_GOAL OF THE EXERCISE_. The expected output is the line with "Enlarge Kobalt, an" followed by every remaining line of the entries, all repeated exactly.

_SOURCE MATERIAL_.
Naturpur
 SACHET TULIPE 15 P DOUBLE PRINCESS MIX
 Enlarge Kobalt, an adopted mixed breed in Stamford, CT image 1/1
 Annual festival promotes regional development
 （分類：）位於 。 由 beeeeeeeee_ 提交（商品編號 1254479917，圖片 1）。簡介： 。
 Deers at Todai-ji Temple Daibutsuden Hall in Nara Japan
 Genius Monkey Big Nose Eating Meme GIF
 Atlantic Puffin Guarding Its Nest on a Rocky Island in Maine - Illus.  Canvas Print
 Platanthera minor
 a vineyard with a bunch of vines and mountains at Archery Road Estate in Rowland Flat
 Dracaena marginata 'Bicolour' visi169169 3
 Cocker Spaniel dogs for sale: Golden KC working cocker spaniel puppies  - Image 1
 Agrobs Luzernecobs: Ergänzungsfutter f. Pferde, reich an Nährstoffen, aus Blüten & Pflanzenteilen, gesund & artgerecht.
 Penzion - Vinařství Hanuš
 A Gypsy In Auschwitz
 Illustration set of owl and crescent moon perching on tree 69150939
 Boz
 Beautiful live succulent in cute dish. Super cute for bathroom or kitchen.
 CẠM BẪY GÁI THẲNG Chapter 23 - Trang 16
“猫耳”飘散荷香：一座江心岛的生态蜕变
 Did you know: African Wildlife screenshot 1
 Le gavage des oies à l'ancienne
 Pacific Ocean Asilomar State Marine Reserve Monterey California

_THE ANSWER_.
 Enlarge Kobalt, an adopted mixed breed in Stamford, CT image 1/1
 Annual festival promotes regional development
 （分類：）位於 。 由 beeeeeeeee_ 提交（商品編號 1254479917，圖片 1）。簡介： 。
 Deers at Todai-ji Temple Daibutsuden Hall in Nara Japan
 Genius Monkey Big Nose Eating Meme GIF
 Atlantic Puffin Guarding Its Nest on a Rocky Island in Maine - Illus.  Canvas Print
 Platanthera minor
 a vineyard with a bunch of vines and mountains at Archery Road Estate in Rowland Flat
 Dracaena marginata 'Bicolour' visi169169 3
 Cocker Spaniel dogs for sale: Golden KC working cocker spaniel puppies  - Image 1
 Agrobs Luzernecobs: Ergänzungsfutter f. Pferde, reich an Nährstoffen, aus Blüten & Pflanzenteilen, gesund & artgerecht.
 Penzion - Vinařství Hanuš
 A Gypsy In Auschwitz
 Illustration set of owl and crescent moon perching on tree 69150939
 Boz
 Beautiful live succulent in cute dish. Super cute for bathroom or kitchen.
 CẠM BẪY GÁI THẲNG Chapter 23 - Trang 16
“猫耳”飘散荷香：一座江心岛的生态蜕变
 Did you know: African Wildlife screenshot 1
 Le gavage des oies à l'ancienne
 Pacific Ocean Asilomar State Marine Reserve Monterey California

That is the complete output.